“Did you get married in New Jersey in 1997, ma’am?” A couple months ago I got a call out of the blue from the Portland police. The officer confirmed my name with me, then asked about when and where I’d been married. “Y-y-y-es,” I stammered, wondering where this was going. He explained that a box of paper files had been found at an intersection about a mile from our house. Someone had picked up the box, taken it home, and looked for clues as to its owner’s address in Portland. After finding nothing helpful, my unknown hero turned the box in to the police.

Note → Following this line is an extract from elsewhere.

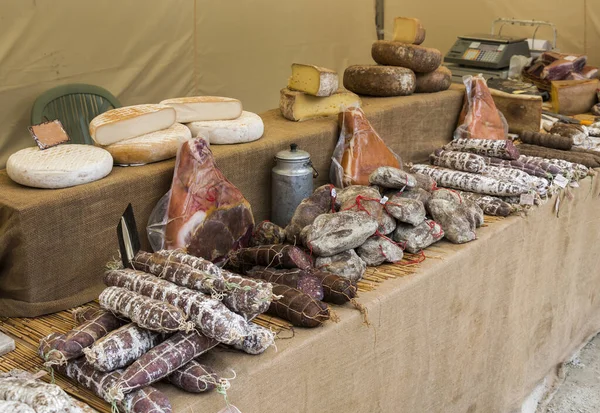 Viande et fromage sur le marché belge — Photo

Ten minutes after the phone call, the officer was on my doorstep handing over a ripped and battered cardboard box with manila file folders spilling out at all angles. In the interval between his phone call and arrival, I’d pieced together what must have happened. One morning the week before, when we’d had guests staying with us, I’d noticed that our garage door was open, meaning we’d forgotten to close it the evening before. Thieves must have gotten into the garage that night.
The files in this box, called “Archived Files” on the label I’d stuck on it, were miscellaneous papers I wanted to keep but wasn’t ready to give indoor status to. I already had a lot of files in my study and couldn’t accommodate these. These files were second-string in my mind – not of immediate importance and rarely consulted.
Why the thieves took that box baffles me. They left everything else—the lawn mower, ladders, vases, holiday decorations, wine glasses, suitcases, and other typical garage content. They also skipped over boxes named “Linda’s diaries,” “Linda’s musicology articles,” “Annuals and letters,” and “Linda’s old stuff, pretty things.”
Did the thieves’ conversation go something like this? “I see some teapots in this box.” “Nah, you’re crazy.” “How about this lamp?” “Nooooo.” “Here’s a box called A.r.c.h…. ‘Archie,’ maybe?” “Leave it. Let’s get out of here. There’s nothing we can sell.” After getting into the car: “WTF! You took that Archie box?” “Where’s the comics? This is just a bunch of papers!” Car stops. Door opens. The box goes plop.…
Our garage, like most people’s, is a weird space. It’s not fully inside or fully outside. It’s cold in the winter and stuffy and hot in the summer.
For some people, I’ve noticed, garages harbor hopes and dreams. They’re turned into workshops, studios, small businesses. They’re sometimes refuges for those who want more alone time.
When we lived in New Jersey, one of neighbors kept his garage spotless, cleaned it out often, and held large family parties in and around the garage. His lovely deck on the back of the house stood empty while guests socialized in the driveway, sitting in lawn chairs on the cement, drifting in and out of the garage to get their food and drinks.
For most of us, garages aren’t places to spend time, but a storage solution for big or dirty things, unfortunate purchases we’re not ready to admit to, items we haven’t gotten around to giving away, boxes we’re intending to go through from the last move, outgrown toys and clothes, grown children’s boxes waiting to be picked up, and, of course, multi-packs of paper towels and toilet paper.
Ah ha! I forgot cars! On my street, there are a lot of parked cars on the street at night. Either most families have more than two cars, or there’s no room for cars in their garages.
Back to my stolen papers, though. What bothered me about the theft was not that it made me feel unsafe: I get that we’re not in the New Jersey countryside anymore. We used to leave our garage door open for weeks at a time there (I was feeding a stray cat for a while). Nor was I troubled because I had too much stuff in the garage. In fact, we took the luxury of time to declutter before we moved across the country four years ago. I knew what I had. I knew what was in each of my boxes.
That’s the thing. Only four years ago, I put too many priceless things in the garage. I know this now because I went through the garage again after the theft. I came away with two big boxes of items that needed to be moved to safer ground. What was in these two boxes? Words.
Every single thing in those two boxes was some kind of writing: 30 years of letters from friends and family, 13 years of my diary, some journals of my deceased brother, the little notebook my mother kept during my first year of life, and my “Linda’s School Years” book.
In just four years, I realized, my priorities had changed dramatically. For 23 years in New Jersey, these letters and journals had been buried in piles of sagging cardboard boxes in a rarely opened closet. When I decluttered prior to moving West, I assigned them the same low ranking—I knew I had to save them, but when would I ever have time to read them?
Now is the time. Yes, now I have the interest and energy to read them. I downshifted my work life so that I could make time for things like reading old letters and diaries and deepening my understanding of how I got to be the person I am today. These letters and journals uncover memories and help me piece together my upbringing, my friendships, my plans, my opinions, my fears, what was going on around me, and the many decisions that have led to the present day. It’s going to take a while to go through everything, but I’ve started.
I’m lucky I got my box back, with the bonus kick in the pants about what I’d been keeping in the garage. The tidiness lulled me into a false confidence. I had nice shelves, uniform containers, and minimal bloat. Everything sparked joy in one way or another, but the precious old words that could spark deeper self-understanding weren’t in the right place.